To implement a mission-critical application on oblSQL-1, we used a 33GB instance of the TPC-E database benchmark, which simulates an online stock trading application for a brokerage firm. On a separate quad-processor VM, we generated customer and broker trade transactions.
While processing stock trades at 800 transactions per second (TPS), we added and changed enough table and log data in the TPC-E database to generate an incremental backup of 20-to-25GB every 30 minutes using VMware’s Change Block Tracking (CBT) mechanism. What’s more, that incremental data represented about 10-to-15% of the total storage resources consumed by the entire VM database volume. As a result, frequent incremental backups were required simply to control the growth of database log files.
More importantly, our transaction load was generating writes to the TPC-E database disk at rates ranging from 800-to-1,500 IOPs. When a VM processes a high number of write IOPS, the complexity and I/O overhead of Copy on Write (CoW) snapshots grows exponentially. This is especially problematic when a backup uses internal Copy on Write (CoW) VSS snapshots to quiesce a specific application within a global CoW VM snapshot. Releasing VM snapshots can become quite glacial and directly impact application processing.

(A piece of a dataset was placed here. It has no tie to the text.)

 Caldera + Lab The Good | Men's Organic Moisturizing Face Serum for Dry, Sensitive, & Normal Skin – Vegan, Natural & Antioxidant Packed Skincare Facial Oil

MINIMIZING DATA LOSS WITH APPLICATION-AWARE SNAPSHOTS
To avoid the compounding of I/O overhead that internal CoW snapshots can place on an active VM, Vembu BDR initiates Redirect on Write (RoW) snapshots with VSS to quiesce applications within a VM. In BDR’s RoW-based snapshot scheme, new writes to our TPC-E database were immediately redirected to free disk blocks, without first having to copy the original data to a new disk location.
With Vembu BDR implementing RoW VSS snapshots and leveraging UltraBlaze for SAN-based data transfers, we consistently backed up our test VM, oblSQL-1, from our BDR server, DellR710A, in about 5 minutes. At the same time, oblSQL-1 was processing 800 TPC-E transactions per second with an average query response time of 23ms. More importantly, during incremental backups, we measured no increase in wait states for SQL Server as incremental backups were processed. As a result, we complied with a 30-minute RPO with no impact on the database application running on the VM. (https://www.bdrsuite.com/blog/vembu-bdr-vspherev6-backup/).

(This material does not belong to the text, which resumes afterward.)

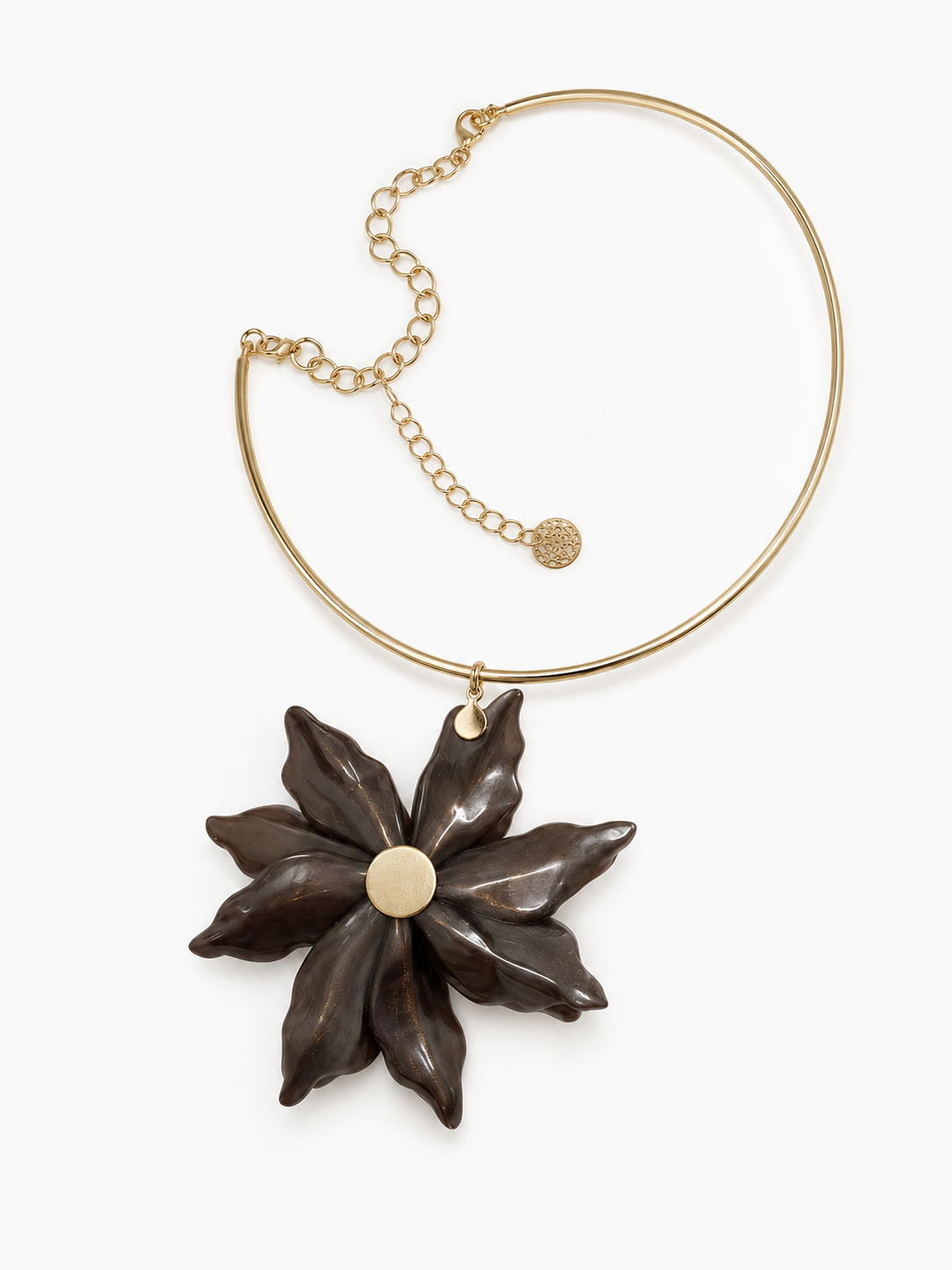 Pave Flower Wire Choker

MEETING RECOVERY OBJECTIVES WITH VembuHIVE®
The key to BDR’s ability to provide multiple fast recovery options is VembuHIVE, a document-oriented repository that Vembu virtualizes as a file system. A document-oriented database encapsulates information in documents by encoding data in value-key pairs. In particular, the value-key construct enables a document-oriented database to store any data without following a strict schema. What’s more, the value-key construct creates a database that is highly scalable through the simple addition of storage and compute resources. This explains why a number of commercial web sites, including eBay, are underpinned by a document-oriented database.
With respect to VembuHIVE, the VembuBDR service handles all Vembu BDR backup and recovery functions performed on the server. The VembuBDR service encodes transferred backup data with content metadata and removes metadata related to the source machine’s file system. Next, the VembuBDR service performs data compression and de-duplication to minimize the amount of storage resources consumed in storing backups. Finally, the processed data is rapidly streamed into VembuHIVE using large data blocks that can be greater than 2MB.
In periodic full backups of our test VM, oblSQL-1, Vembu’s UltraBlaze™ feature automatically configured the BDR server, DellR710A, to access the VM’s vSphere datastore directly as physical disk 6. As a result, end-to-end backup throughput ranged between 1.4 and 1.8 Gbps. More importantly, as the Vembu BDRservice streamed restructured, de-duplicated, and compressed backup data to the VembuHIVE LUN (disk G on DellR710A), the volume of data stored was reduced by a dramatic 85-to-90 percent. More telling, backing up the VM datastore over a SAN and streaming processed data to VembuHIVE created very different disk load patterns, which rapidly diverged as the process continued.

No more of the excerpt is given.